GCSPrank Is Here

For people who spend the day saying and writing things that others accept, while thinking things that are infinitely more interesting.

Monday, May 16, 2005


They swarmed on campus like a multi-headed creature, with an odd number of heads and legs. They tittered, giggled, cheered, tittered, screeched, tittered, shrieked, clapped and did I mention they tittered? They moved in herds with amoeba-like fluctuations that were appealing and disturbing to watch.

They were high school girls on a college campus... where there were college men. Even I qualified as an interesting specimen when that broad a definition was used. The occasional exchange was a break from routine for me and an anecdote in the fall for them.

One Tuesday afternoon, passing the Student Union, a voice from a cheerleader herd called out in a cloud of laughter: “Would you date me?”

“Only if you’re naked!” I yelled back, causing even greater clouds of laughter and setting off a flutter of spastic gyrations.

The top moment in my mind was sitting in the cafeteria with Bill, in our usual next-to-the-entrance table. The place was almost empty when four cheerleaders came in, a grand total of nine inches separating all four heads from each other, their legs choreographed in some instinctive way so that every step landed where it should. They were dressed up in what I could only describe as “informal teenage chic,” a fashion trend that changes every eleven days (except in big cities where it changes every six.)

I was ruminating about something to say as they walked by, an integrated unit of teenage vanity, when Bill yelled out “Look at them! They think they’re pretty!”

The girls wilted. Wilted, I tell you. In the time it took them to walk twenty feet they went from “fabulous” to “failures,” their body language a visual apology for being in our midst.

I turned to Bill and said “That was cruel.” He looked at me, impassive. I shook my head and added “I wish I’d said it!”

I brought that up when we saw each other recently and he told me his top cheerleader moment was something I’d done. We were sitting on the window ledge up at the office, the summer heat forcing a search for some less-stale air.

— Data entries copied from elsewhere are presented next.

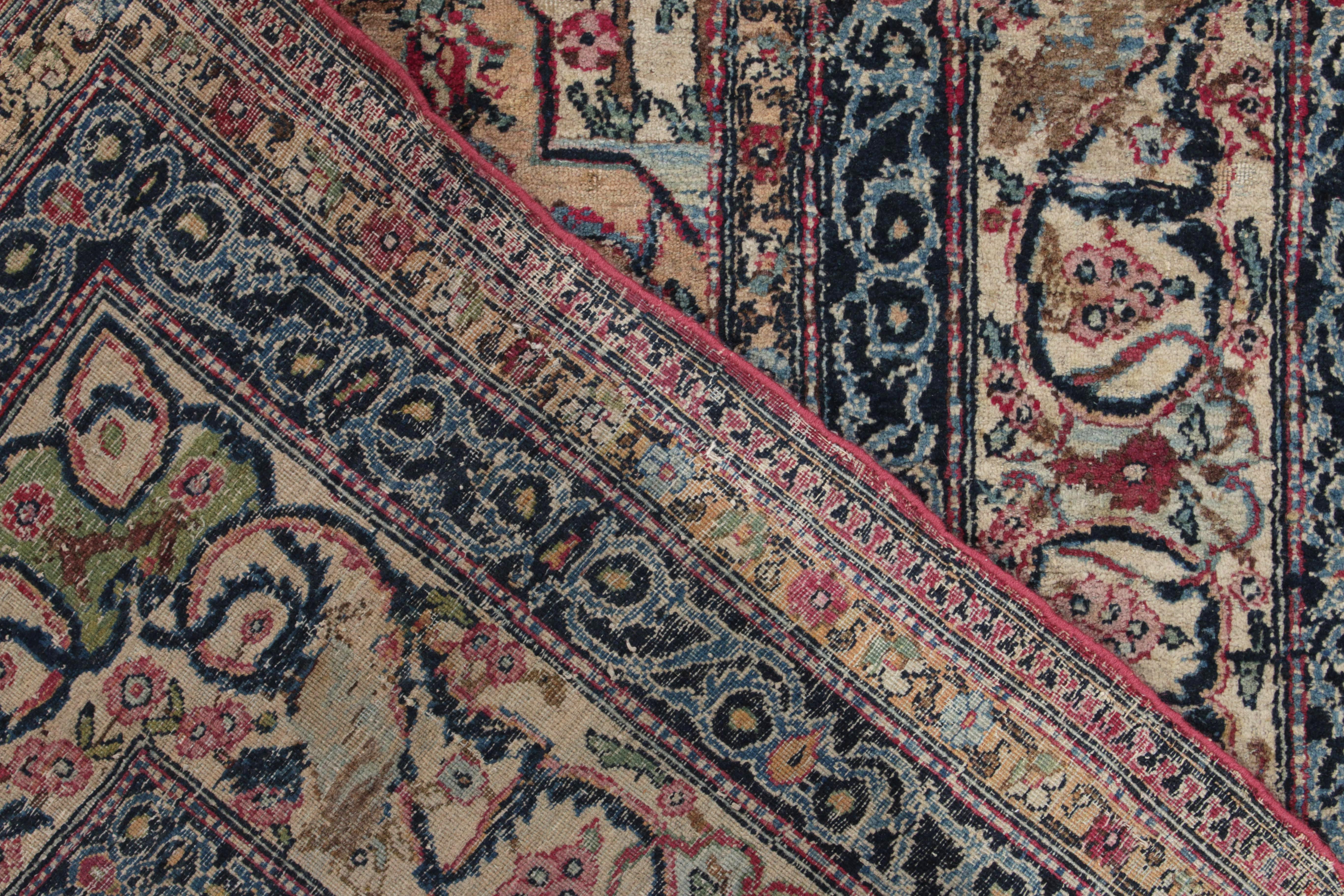 Wool Antique Tehranian Persian rug in Royal Blue, Wine & Beige Floral by Rug & Kilim For Sale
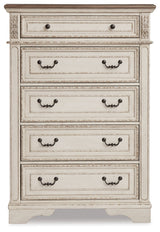 Realyn Chipped White Upholstered Storage Platform Bedroom Set with Footboard Bench by Ashley at Eve Furniture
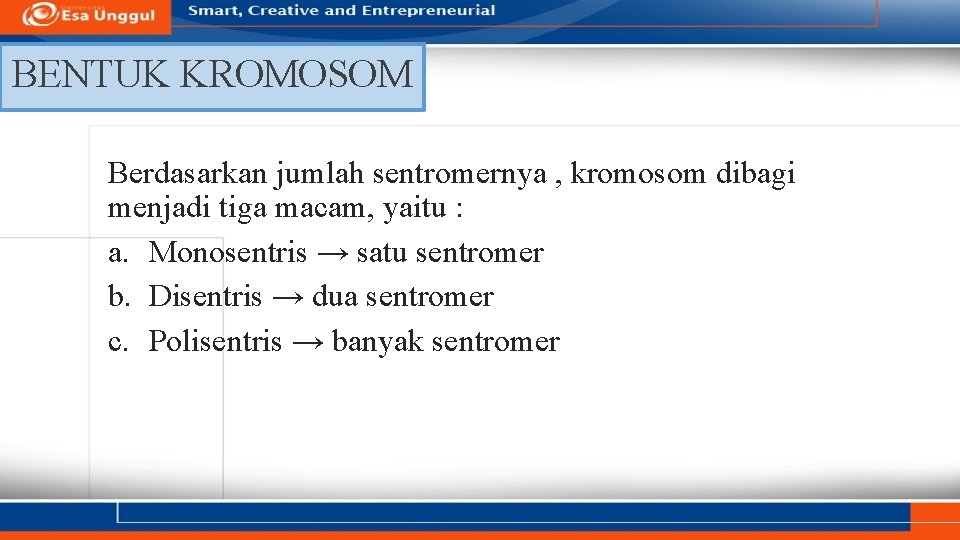 BENTUK KROMOSOM Berdasarkan jumlah sentromernya , kromosom dibagi menjadi tiga macam, yaitu : a.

A group of some 15 cheerleaders herded by and as they passed near us, I let out a wolf whistle. Heads snapped in my direction and smiles flashed. Then I yelled “Not you!”

Heads snapped back and some dropped. Postures slumped. But as Bill so keenly remembers, one girl had not turned to seek out the whistler. And as the herd moved on, her smile made it clear that my little jest had very much made her day. Maybe even the whole summer.